German political parties function in a fashion that most Americans are not familiar with, so this blog/essay.....is sort of an introduction to how the German political slant occurs.
In each village or town....let's say a population of 1000 residents.....there will be a local pub, bar, or cafe. There might be anywhere from two to a dozen different political parties set up in the town. They organize a meeting and advertise for a meeting at the pub. Serious folks will show up, register, and note themselves as a 'member' of that party in the village.
The political party chief for that one single party, in that one single village.....is a mouth-piece for the town, the county, the state and the national party.
At some point, polls and votes will be taken at the pub on occasion, to show support for one position or another.....giving the membership the feeling that they are being heard. The national guys rely upon this type of vote (call it a pub-vote, if you want) to give them a signal that they've got support to press on an agenda.
When you look at the CSU support for the Maut-tax deal that would affect foreign drivers entering Germany.....the CSU tested the waters in the spring and summer of 2013, finding that their membership were pushing this topic near the top and showing a bit of frustration that tax revenue wasn't being taken in some way. Course, no one in these pub-chats ever got around to how it would work, or how much it would cost. The topic was just generalized to some degree, where some simplicity existed and it could be understood in five to ten minutes.
All of this local pub-meetings will lead to a regional meeting where the town's talking head political guy will represent his folks, and meet up at some hotel conference center on a Saturday, and spend an entire day talking politics with other talking-heads. Another poll will be held and more support will be given for another agenda step.
These meetings lead onto state meetings every month or two, where the regional heads will confer and discuss state and national politics. Again, polls will be taken, and votes cast for or against something.
Then those leaders will meet up for a national meeting....again at some hotel or public conference center.
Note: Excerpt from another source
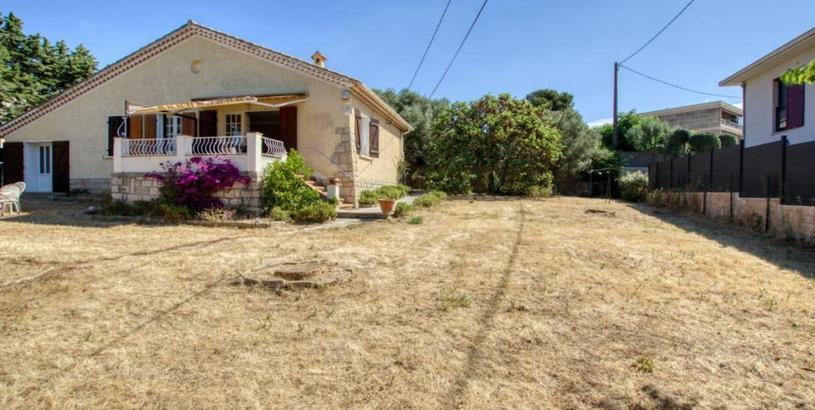 Дом отдыха LARGE house with GARDEN and TERRACE in BANDOL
Again, polls will be taken, and votes cast for or against something.
So, when you get to the national level.....it's really a grassroots topic and supported by a majority of the membership, who they can count on for elections.
The independent voter? He or she....are the tough part about how this all works. They don't show up at any pub-meeting, and might flip-flop on various topics.
How many folks from a village of 1,000 attend such meetings? It's hard to say and might go higher or lower....depending on the make-up, economic condition of the village, and enthusiasm. The fact oddball parties flourish and exist.....might suggest that a small portion are active in politics and lack any enthusiasm for any of the top six parties. Here in the Rhine Valley area....there are a couple of Christian-theme political parties, which rarely exist in other parts of Germany.
All of this leads a person to view the apparatus as bulky but generally allowing membership from the lowest guy to the highest platform....to participate. You may not win a regional, state or national election in this way....but members have their say on a fairly frequent basis.
A functionary process like in the US? We would center the topics on local and regional subjects, and start to rationalize that most of these mythical BIG topics that get pushed around for national politics....really aren't that important when compared to what a guy says from his local town, while sitting in a pub and sipping a beer. We'd rationalize a different priority, and shock the national folks. So, for this reason, I don't see the national party folks (either party) wanting to gimmick up the system with the local guys talking.
What works in Germany.....generally works. What works elsewhere.....draws off local circumstances and limits. It is, what it is.